Background: Immunotherapy resistance in ovarian cancer (OC) poses a significant clinical hurdle. This study aims to investigate the potential of NGR-modified biomimetic nanovesicles (NGR-BNVs) for delivering ALKBH5 siRNA to reverse this resistance. Methods: In vitro and in vivo experiments were conducted to assess the efficiency of NGR-modified nanovesicles in delivering ALKBH5 siRNA. OC cell proliferation was evaluated, and apoptosis induction was measured. A mouse xenograft model was utilized to examine the effects on tumor volume and metastasis. Tumor immune microenvironment (TIME) analysis was performed to determine changes in immune cell proportions and immunomodulatory factors. Results: NGR-modified nanovesicles effectively delivered ALKBH5 siRNA, leading to a significant inhibition of OC cell proliferation and apoptosis induction. Treated groups in the mouse xenograft model exhibited reduced tumor volume and decreased metastatic signals. Analysis of the immune microenvironment revealed an increased proportion of CD8+ T cells, reduced Tregs and MDSCs, and notable changes in key immunomodulatory factors. Conclusion: This study highlights the potential of NGR-modified BNVs for overcoming immunotherapy resistance in OC by delivering ALKBH5 siRNA, resulting in modulation of the immune microenvironment and promising therapeutic outcomes.

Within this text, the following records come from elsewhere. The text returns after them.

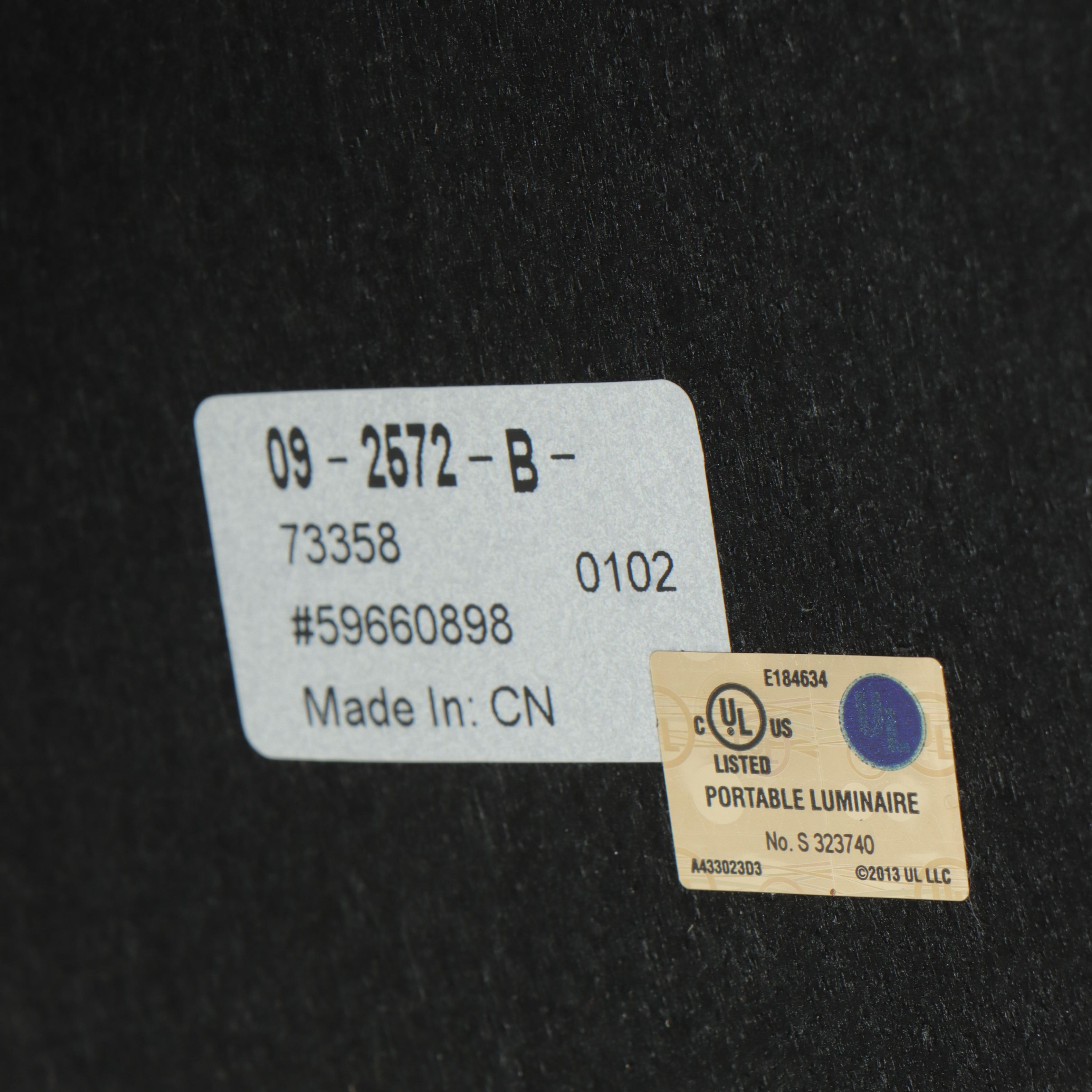 Ethan Allen Contemporary Columnar Glass Polished Nickel Floor Lamps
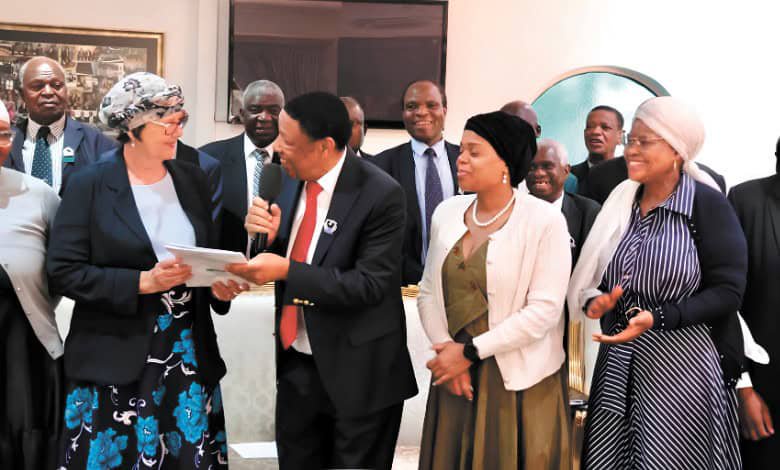R450m ZCC interchange project at Boyne handed over to contractor
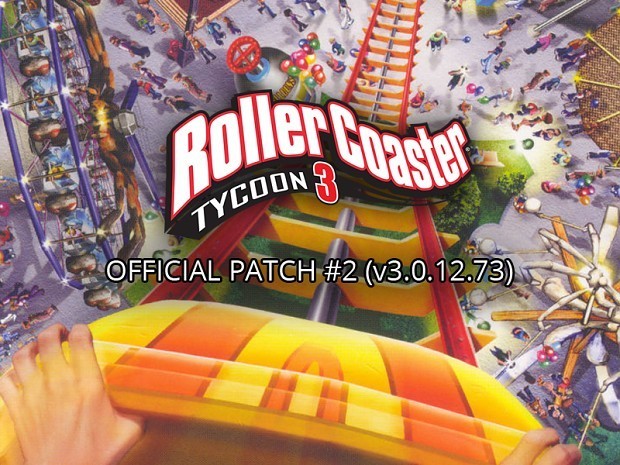 nostalgic RollerCoaster Tycoon wallpaper collection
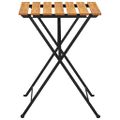vidaXL Bistro stolík 55x54x71 cm akáciový masív
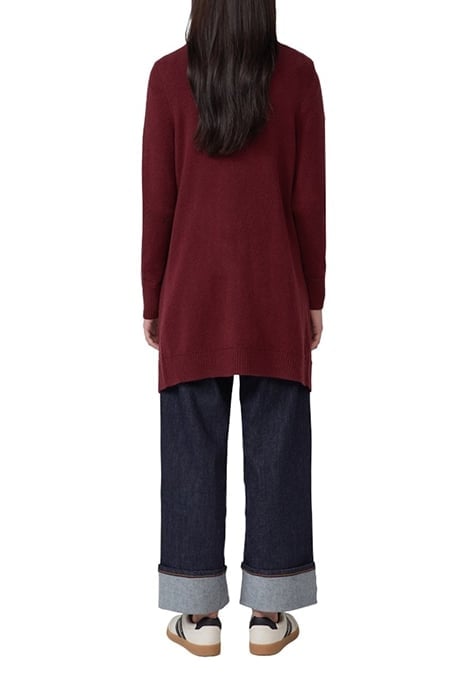 STRICKWAREN BURGENDY 3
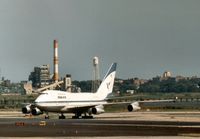 EP-IAA @ JFK - Special Performance Boeing 747 of Iran Air at Kennedy in the Summer of 1977. - by Peter Nicholson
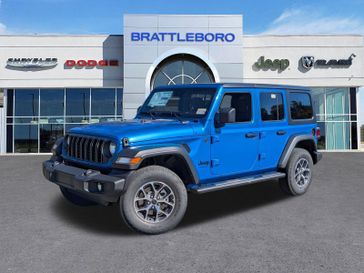 New 2025 Jeep Wrangler 4-door Sport S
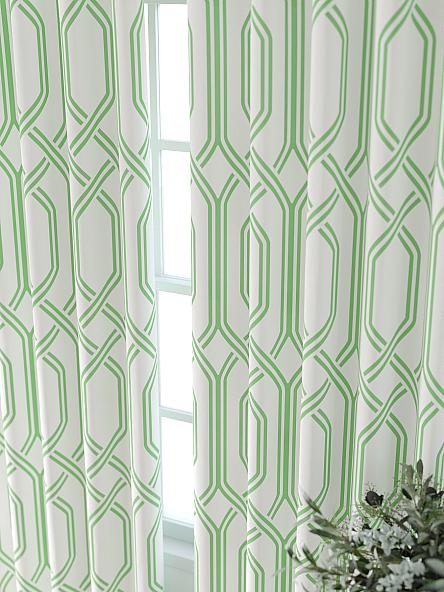 Комплект штор Лейкери - 941 - 280 см - фото 3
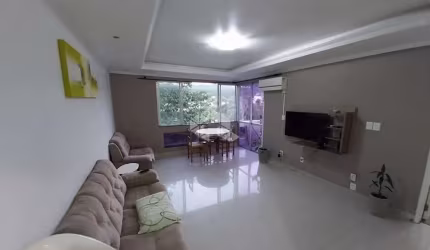 Apartamento 03 quartos c/suíte mobiliado, à venda Bairro Carvoeira, Florianópolis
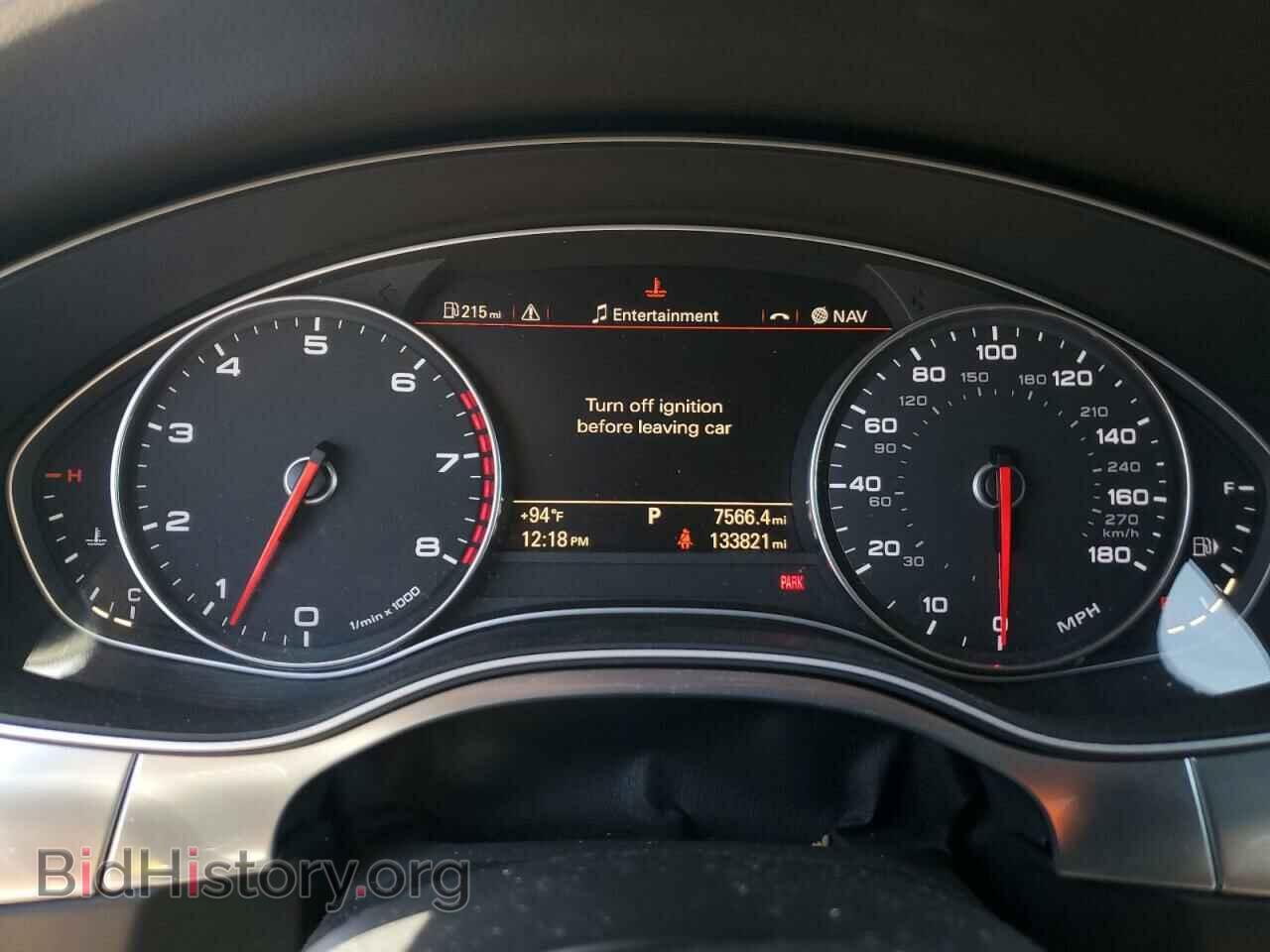 2013 AUDI A7 - VIN: WAUYGAFC2DN052368 - Photo 9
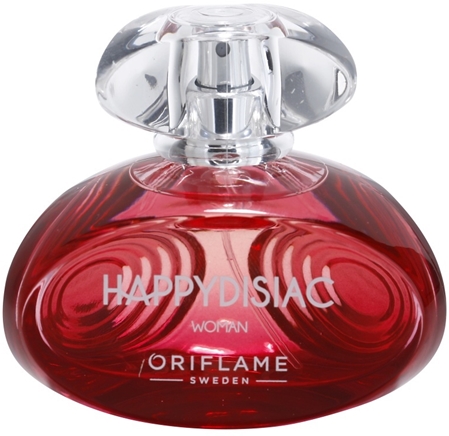 Oriflame Happydisiac Woman Eau de Toilette für Damen 50 ml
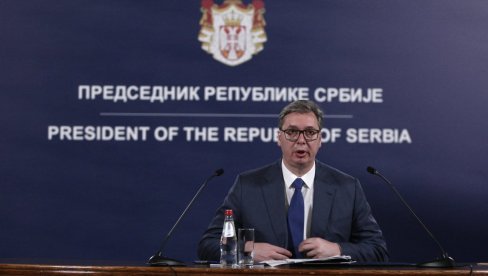 SRBIJA JE ISPUNILA SVE Vučić: Do deeskalacije ne dolazi jer režim u Prištini to ne želi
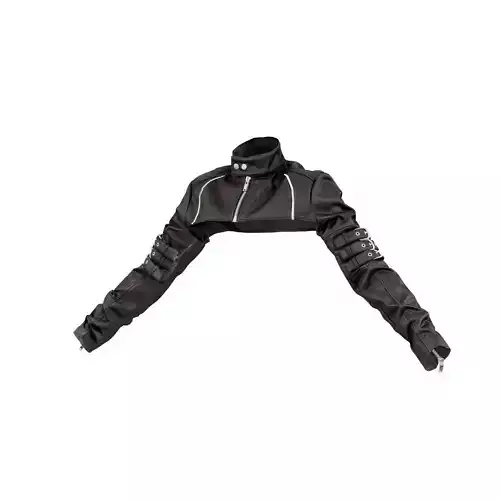 Buckle Sleeve Top 3D model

ngr修饰的纳米囊泡靶向ALKBH5抑制卵巢癌生长和转移。
背景:卵巢癌(OC)免疫治疗耐药是一个重要的临床障碍。本研究旨在研究ngr修饰的仿生纳米囊泡(NGR-BNVs)递送ALKBH5 siRNA以逆转这种耐药性的潜力。方法:通过体外和体内实验,评价ngr修饰的纳米囊泡传递ALKBH5 siRNA的效率。观察OC细胞增殖情况,观察细胞凋亡诱导情况。采用小鼠异种移植瘤模型,观察其对肿瘤体积和转移的影响。肿瘤免疫微环境(TIME)分析确定免疫细胞比例和免疫调节因子的变化。结果:ngr修饰的纳米囊泡可有效递送ALKBH5 siRNA,显著抑制OC细胞增殖和诱导凋亡。在小鼠异种移植模型中,治疗组表现出肿瘤体积减小和转移信号减少。免疫微环境分析显示CD8+ T细胞比例增加,Tregs和MDSCs减少,关键免疫调节因子发生显著变化。结论:本研究强调了nrr修饰的bnv通过传递ALKBH5 siRNA来克服OC免疫治疗耐药的潜力,从而调节免疫微环境,并取得了良好的治疗效果。
本文章由计算机程序翻译,如有差异,请以英文原文为准。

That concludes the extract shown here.